Make WordPress Core

Opened 4 weeks ago

Last modified 11 days ago

#64093 new enhancement

Interactivity API: Performance bottleneck in `data_wp_each_processor` due to repeated template parsing

Reported by: michelleeby's profile michelleeby Owned by:
Milestone: Awaiting Review Priority: normal
Severity: normal Version: trunk
Component: Interactivity API Keywords: has-patch
Focuses: performance Cc:

Description

Summary

A performance bottleneck exists in WP_Interactivity_API::data_wp_each_processor when it processes a data-wp-each directive with a large number of items. The current implementation re-scans the entire inner template HTML for every item in the loop, leading to exponential performance degradation as the number of items increases. This ticket proposes an optimized approach using pre-computation and caching to parse the template only once.

Problem Description

During a high-traffic load test (500 virtual users) on a production endpoint for a major enterprise customer, we identified WP_Interactivity_API::data_wp_each_processor as the primary bottleneck. New Relic traces consistently showed this single function consuming over 60% of the total request time (e.g., 40.89 seconds).

The root cause of the inefficiency lies in its nested-loop-like behavior:

  • The function iterates through the array provided to the data-wp-each directive (let's call the number of items N).
  • Inside every iteration, it instantiates a new WP_HTML_Tag_Processor for the template and recursively calls $this->process_directives().
  • This recursive call forces the WP_HTML_Tag_Processor to scan the template from the beginning to find all directive tags (let's say there are M tags to process).

This results in a time complexity of approximately O(N⋅M), where the expensive work of finding all directive tags within the template is repeated for every single item in the source array.
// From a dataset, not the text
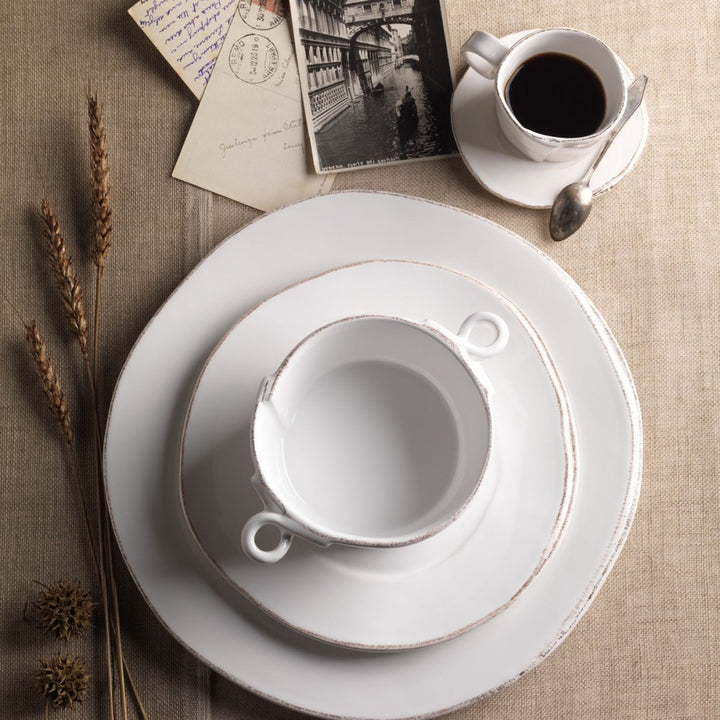VIETRI LASTRA WHITE ESPRESSO CUP AND SAUCER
For a list with hundreds of items and a template with several directives, this becomes computationally prohibitive.

Steps to Reproduce

  • Register an interactive block or view script.
  • Use the data-wp-each directive on a <template> tag.
  • Provide a large array to the directive via wp_interactivity_state(), for example, an array with 500+ items.
  • Inside the <template>, include several elements with other interactivity directives (e.g., data-wp-text, data-wp-bind:aria-label, data-wp-class).
  • Load the page and profile the server response time. You will observe an extremely high execution time for the data_wp_each_processor method.

Proposed Solution: Pre-computation and Caching

The proposed solution refactors the processor to adopt a "pre-compute and cache" strategy. Instead of re-parsing the template on every iteration, we can build a "blueprint" of the template once, cache it, and then use it to efficiently process each item.

The new logic is as follows:

  • Blueprint Creation: On the first encounter of a given template HTML, create a "blueprint.": Instantiate a WP_HTML_Tag_Processor for the template. Iterate through it once to find all tags containing data-wp- directives. For each interactive tag found, create a bookmark using $p->set_bookmark().
  • Caching: Store the array of bookmark names in a static class property (private static $template_blueprints), using an md5 hash of the template's HTML as the cache key.
  • Optimized Loop: For each item in the data array: Instantiate a new WP_HTML_Tag_Processor with the template HTML. Instead of scanning, iterate through the cached bookmark names. Use $p->seek( $bookmark_name ) to jump directly to the next interactive tag. Finally, call the original process_directives() on that specific tag.

I think this change would fundamentally alter the time complexity to something closer to O(M+N⋅D), where M is the one-time cost of scanning the template to build the blueprint, and D is the number of interactive directives that need processing for each of the N items. This would be a massive performance improvement.

Attachments (4)

interactivity-api-patch.diff (7.6 KB) - added by michelleeby 4 weeks ago.
data-wp-each-test.zip (476.4 KB) - added by michelleeby 3 weeks ago.
This plugin zip can be installed to test the patch. Once installed and activated, a shortcode can be placed on a post like:
data-wp-each-test.2.zip (476.4 KB) - added by michelleeby 3 weeks ago.
This plugin zip can be installed to test the patch. Once installed and activated, a shortcode can be placed on a post like: [table_perf_test size="heavy"], [table_perf_test size="medium"], or [table_perf_test size="light"]
interactive-stress-test.zip (57.7 KB) - added by michelleeby 2 weeks ago.
A plugin for running performance tests against the Interactivity API.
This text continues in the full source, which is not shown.